▶ [RECORDS SHOWN]
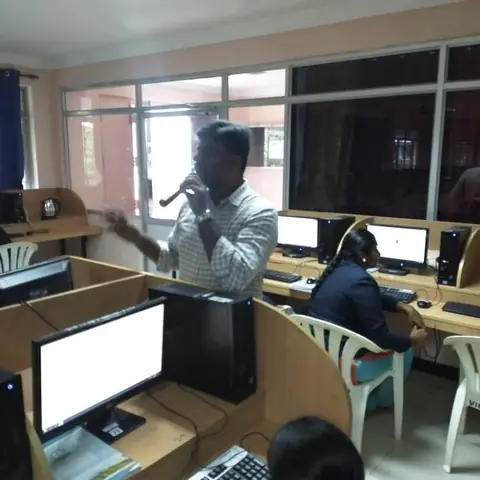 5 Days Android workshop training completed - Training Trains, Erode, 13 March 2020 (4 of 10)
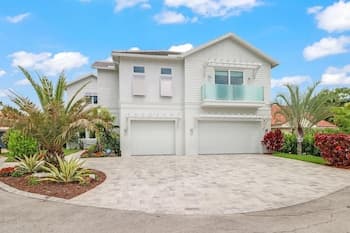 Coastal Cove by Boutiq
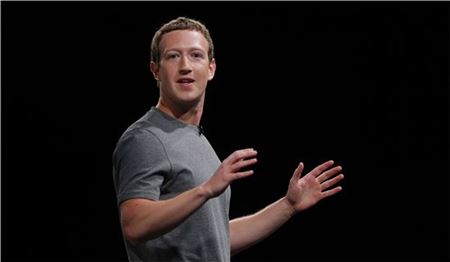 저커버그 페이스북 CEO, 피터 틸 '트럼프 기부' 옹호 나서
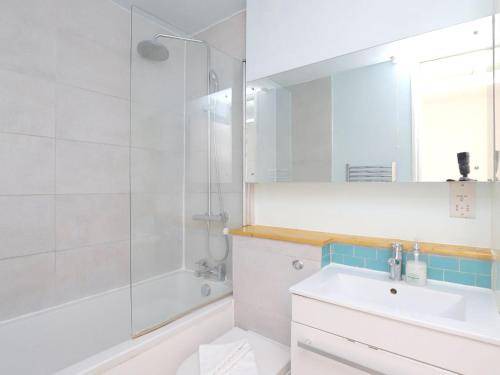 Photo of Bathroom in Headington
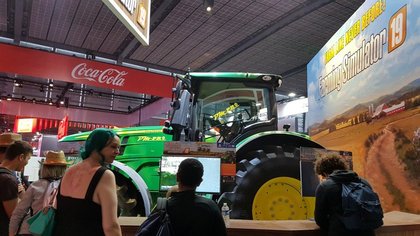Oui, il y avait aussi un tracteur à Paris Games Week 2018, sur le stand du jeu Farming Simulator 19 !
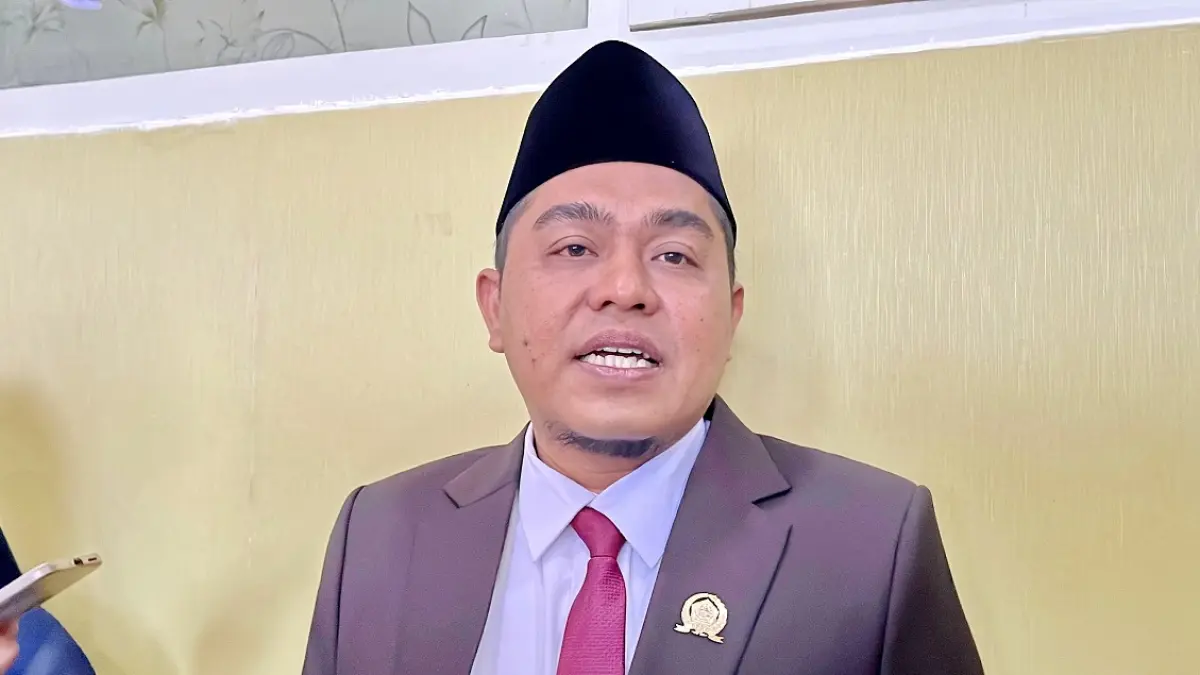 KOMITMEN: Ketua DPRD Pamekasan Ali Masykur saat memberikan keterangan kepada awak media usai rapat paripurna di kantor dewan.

▶ [YOUR INSTRUCTIONS]
All that is required is the lines from the line containing "Oui, il y avait" through the end of the records above, copied exactly, and none of the pictures.

▶ [TASK ANSWER]
Oui, il y avait aussi un tracteur à Paris Games Week 2018, sur le stand du jeu Farming Simulator 19 !
 KOMITMEN: Ketua DPRD Pamekasan Ali Masykur saat memberikan keterangan kepada awak media usai rapat paripurna di kantor dewan.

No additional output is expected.